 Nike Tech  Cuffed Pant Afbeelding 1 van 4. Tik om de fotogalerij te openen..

#####

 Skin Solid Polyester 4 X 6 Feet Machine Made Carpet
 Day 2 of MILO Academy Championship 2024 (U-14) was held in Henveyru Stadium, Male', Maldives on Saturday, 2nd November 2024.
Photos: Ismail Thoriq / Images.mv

#####

Considering only the material above, set down every line from the one with "Day 2 of MILO" to the one with "Photos: Ismail Thoriq / Images.mv", inclusive, exactly as written.

 Day 2 of MILO Academy Championship 2024 (U-14) was held in Henveyru Stadium, Male', Maldives on Saturday, 2nd November 2024.
Photos: Ismail Thoriq / Images.mv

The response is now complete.